Task objective: Please find the line that holds "landscape yallingup rebecca" below and reproduce it, along with every line after it through the end, exactly and without pictures.

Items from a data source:
━━━━━━━━━━━━━━━━

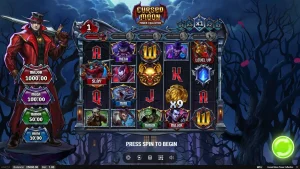 Pemandangan atmosferik slot Cursed Moon Power Collection dengan estetika gotik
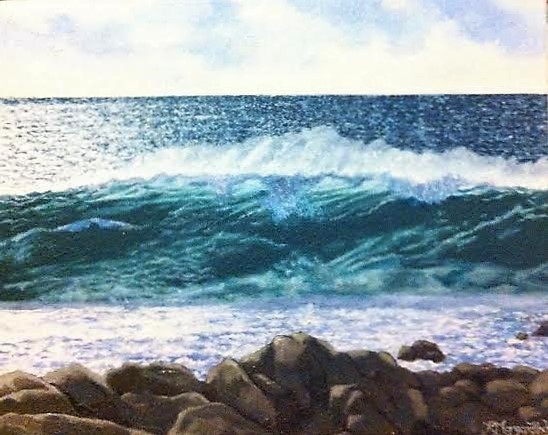 landscape yallingup rebecca morgan-finch wave ocean oil painting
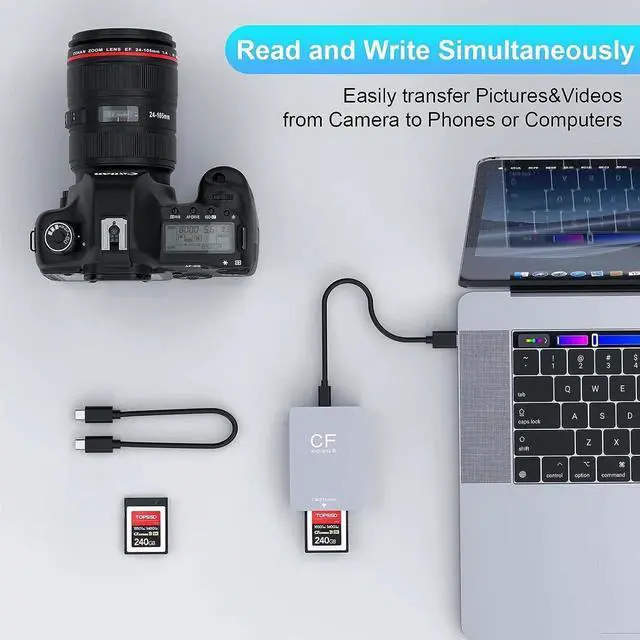 Alt view image 7 of 7 - USB 3.2 Gen 2 CF Express Card Reader, Aluminum Portable CFexpress Card Reader with USB C to USB A/C Cables, Compatible with Windows/Mac OS/Linux/Chrome OS/Android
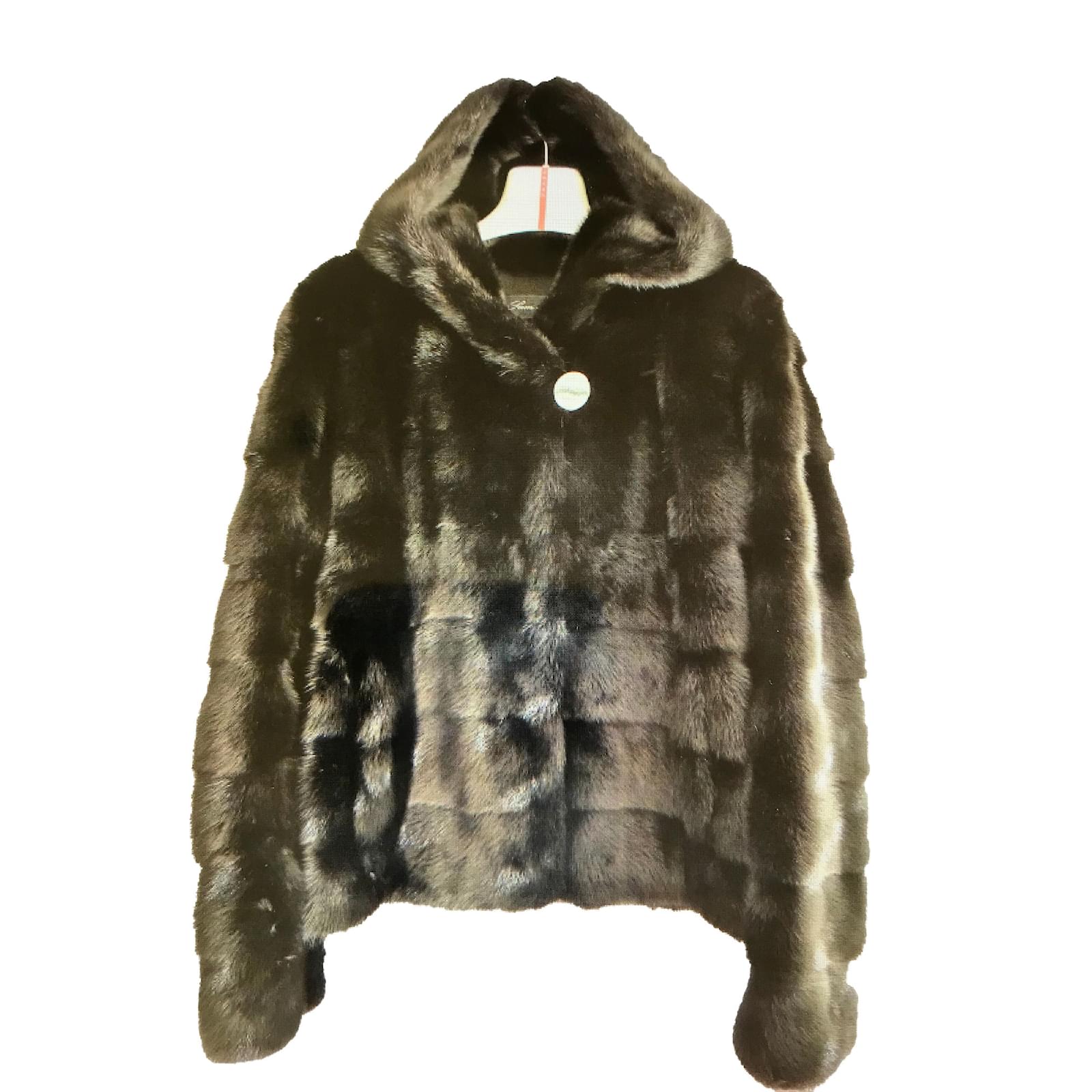 Sam Rone Jackets Dark brown Fur Joli Closet
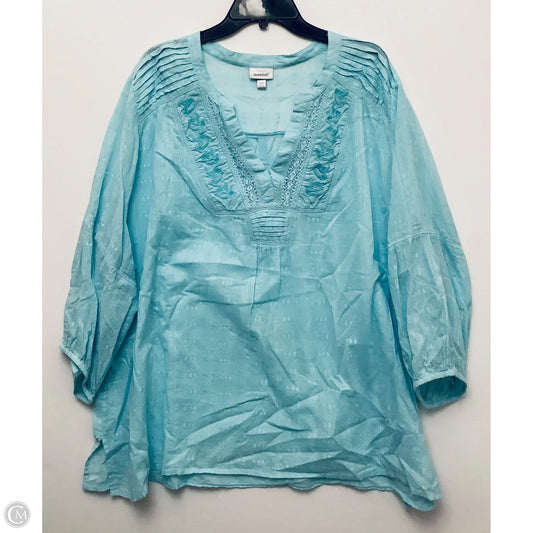 Top 3/4 Sleeve By Avenue Blues In Blue, Size: 4x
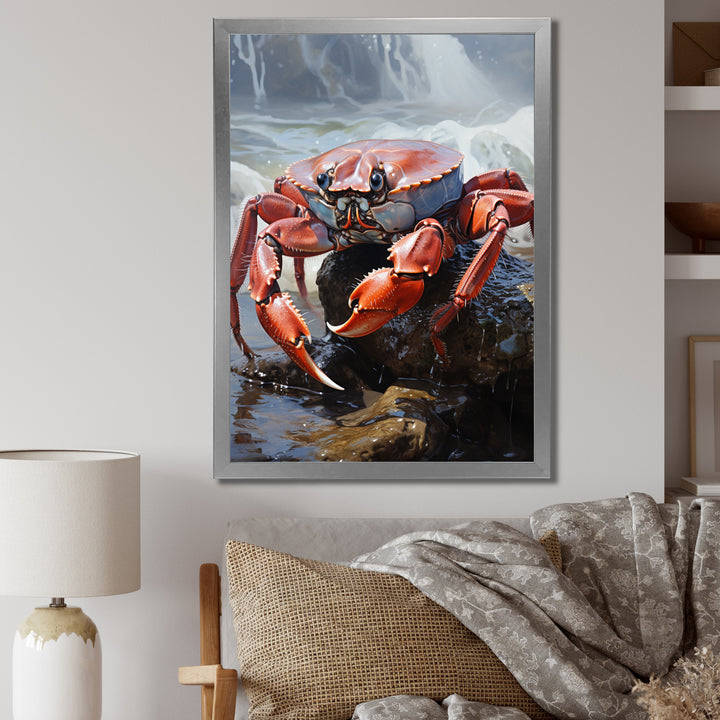 Crab Coastal Sentry - Crab Living Room Wall Art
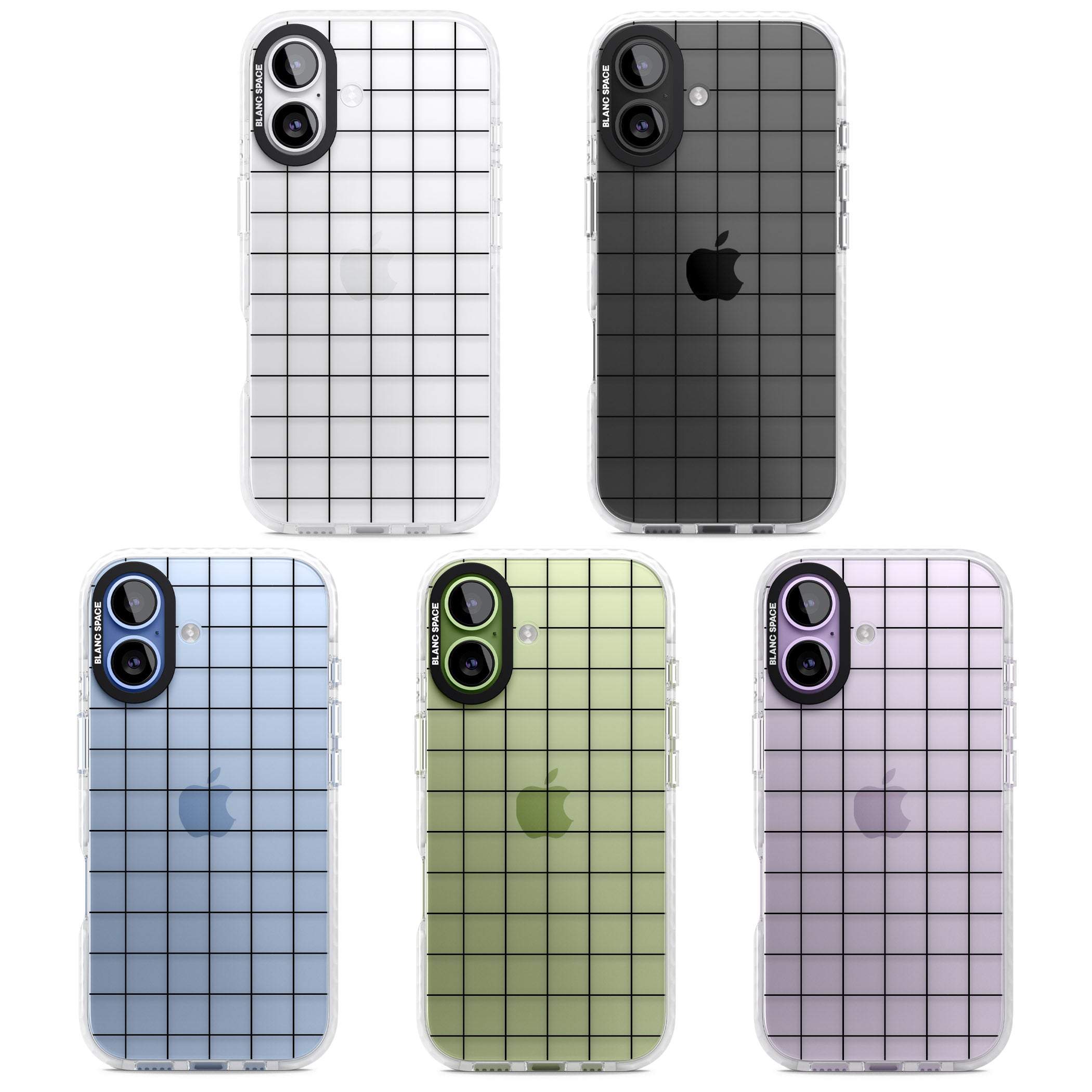 Simplistic Large Grid iPhone 17 Impact Clear Phone Case APT Impact Protection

━━━━━━━━━━━━━━━━

Response:
 landscape yallingup rebecca morgan-finch wave ocean oil painting
 Alt view image 7 of 7 - USB 3.2 Gen 2 CF Express Card Reader, Aluminum Portable CFexpress Card Reader with USB C to USB A/C Cables, Compatible with Windows/Mac OS/Linux/Chrome OS/Android
 Sam Rone Jackets Dark brown Fur Joli Closet
 Top 3/4 Sleeve By Avenue Blues In Blue, Size: 4x
 Crab Coastal Sentry - Crab Living Room Wall Art
 Simplistic Large Grid iPhone 17 Impact Clear Phone Case APT Impact Protection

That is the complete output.